Selon elle, il est grand temps de «décloisonner» les acteurs du livre et de mieux «fédérer l’espace littéraire, intellectuel et éditorial francophone», afin de «favoriser un secteur éditorial équilibré». Sans oublier d’intégrer en chemin «les possibilités offertes par le numérique», ajoute-t-elle.
La «priorité absolue doit être de donner accès à la lecture (…) au plus grand nombre», et notamment aux jeunes, a abondé Pierre Vanderstappen, responsable de la programmation littéraire pour le Centre Wallonie-Bruxelles, situé à Paris. Il est tout aussi indispensable de veiller «à une meilleure circulation [du livre] dans la sphère francophone» et de réfléchir au statut de l’auteur.
Ateliers pour les professionnels de l’édition
«La juste rémunération des différents acteurs de la chaine du livre» constitue un autre enjeu fondamental qu’aborderont les rencontres à venir, signale la directrice de la langue française et de la diversité des cultures francophones de l’OIF, Nivine Khaled. L’OIF, ajoute-t-elle, entend bien redonner au français ses lettres de noblesse, pour en faire «une langue de succès» autant qu’une «langue de travail».
Les EGLLFM de septembre — tout comme les ateliers virtuels organisés la semaine prochaine (du 19 au 23 avril) à l’intention des professionnels — se pencheront sur certains des constats et enjeux identifiés par les experts et organisateurs du sommet de Tunis.
Ce qui en ressortira permettra d’établir des stratégies et de «structurer» le «cahier de propositions» qui seront présentées lors de ces états généraux de septembre. Quelque 200 acteurs du livre ont déjà planché sur ce cahier, laisse entendre Sylvie Marcé.

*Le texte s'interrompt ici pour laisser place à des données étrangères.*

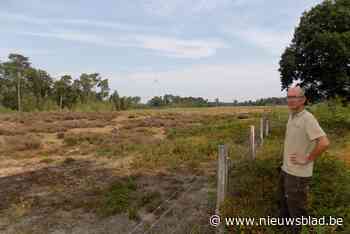 Nieuw plan beheert natuur in Tielenheide en Calievallei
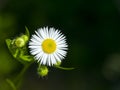 Chamomile flower natural background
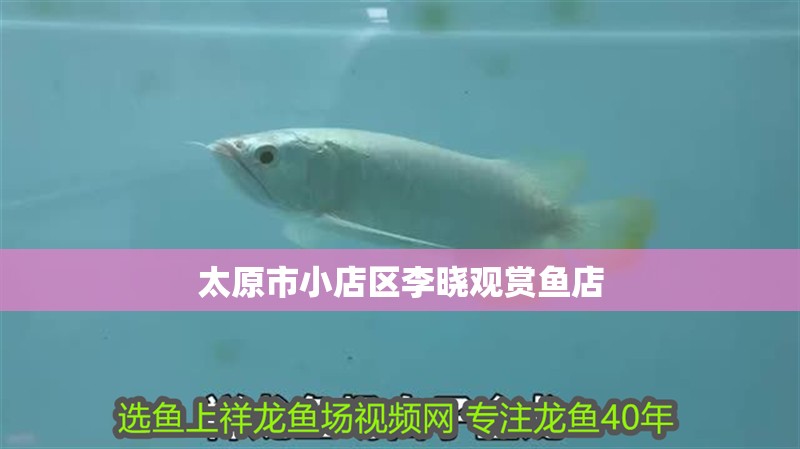 太原市小店區(qū)李曉觀賞魚店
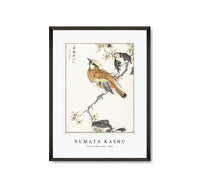 Numata Kashu - Eastern Waxwing illustration from Pictorial Monograph of Birds (1885)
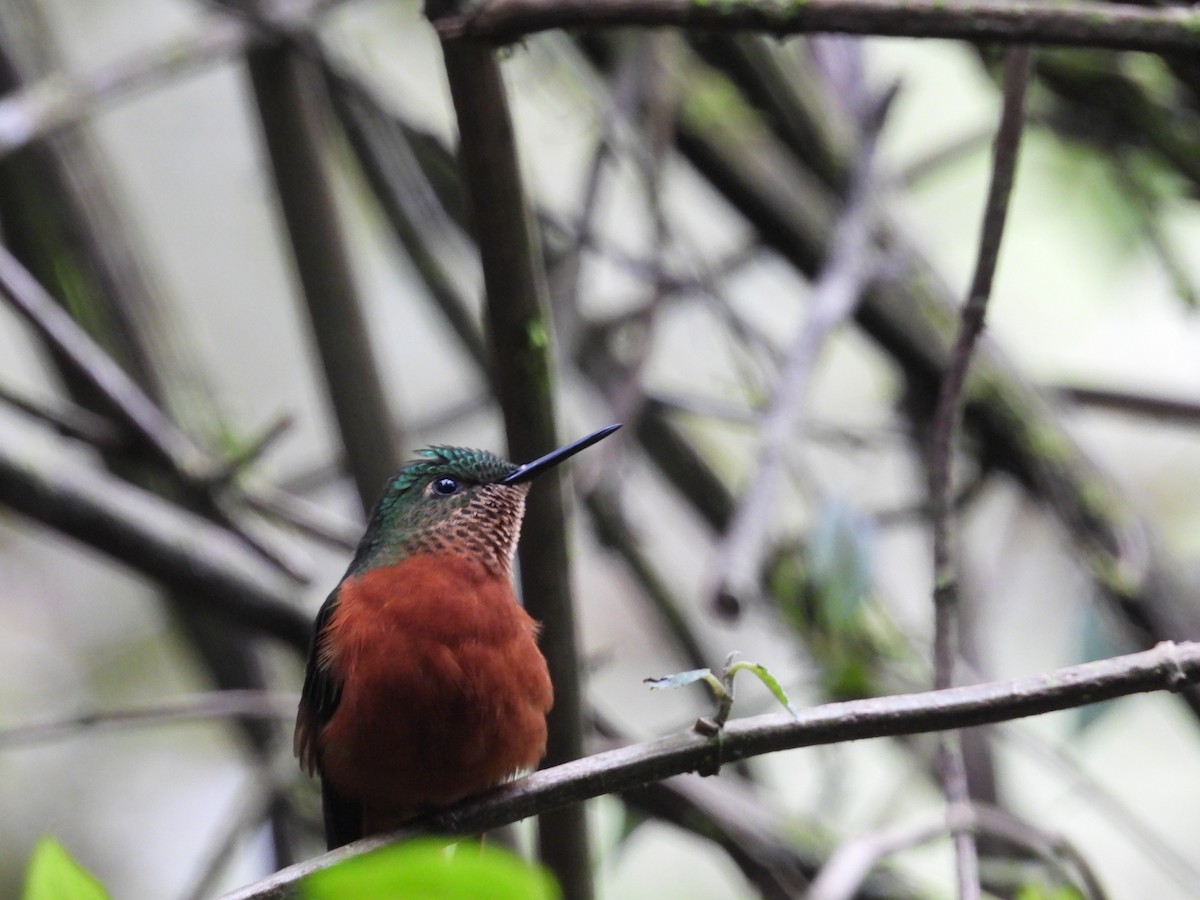 Chestnut-breasted Coronet - ML643440112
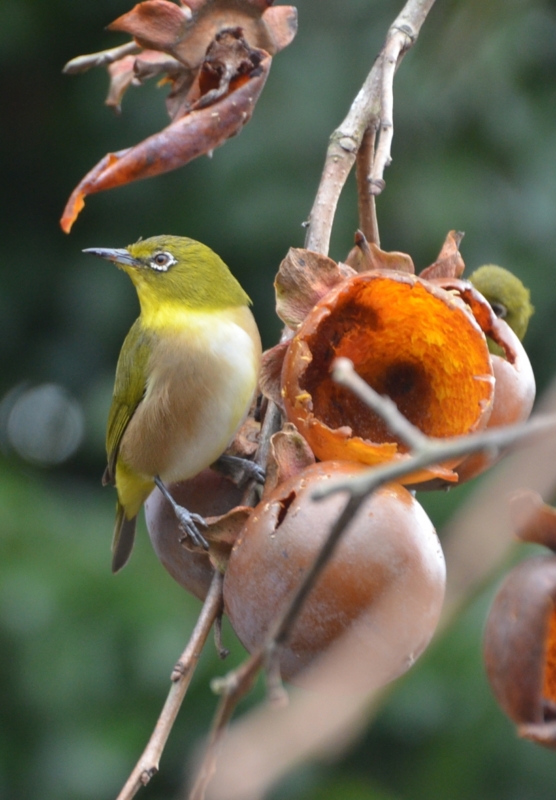 f:id:adayasu:20150111141628j:image:w350:right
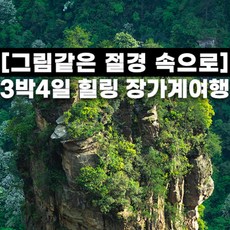 [장가계] 장가계 영화 아바타 원가계 천문산 칠성산 산위숙박 VIP우선탑승권 3박4일 패키지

Étude analytique et projections
Une étude analytique globale permettant d’échafauder divers «scénarios» à moyen et à long terme (aux horizons 2020 et 2030) a été commandée en prévision de la rencontre de Tunis, où seront dévoilées six de ces «projections» modélisées.
Le grand public pourra consulter l’intégralité de cette étude, qui sera disponible en septembre sur le site de l’Institut français.
L’ambition des EGLLFM est donc tout à la fois «politique, économique, culturelle et éducative». Toutes ces initiatives sont cimentées par l’envie, commune aux partenaires de la chaine du livre, d’en arriver à «une prise de conscience générale […] en prévision de Tunis», soutient la commissaire Sylvie Marcé, qui au-delà de l’élaboration de «stratégies concertées», espère aussi «provoquer un électrochoc».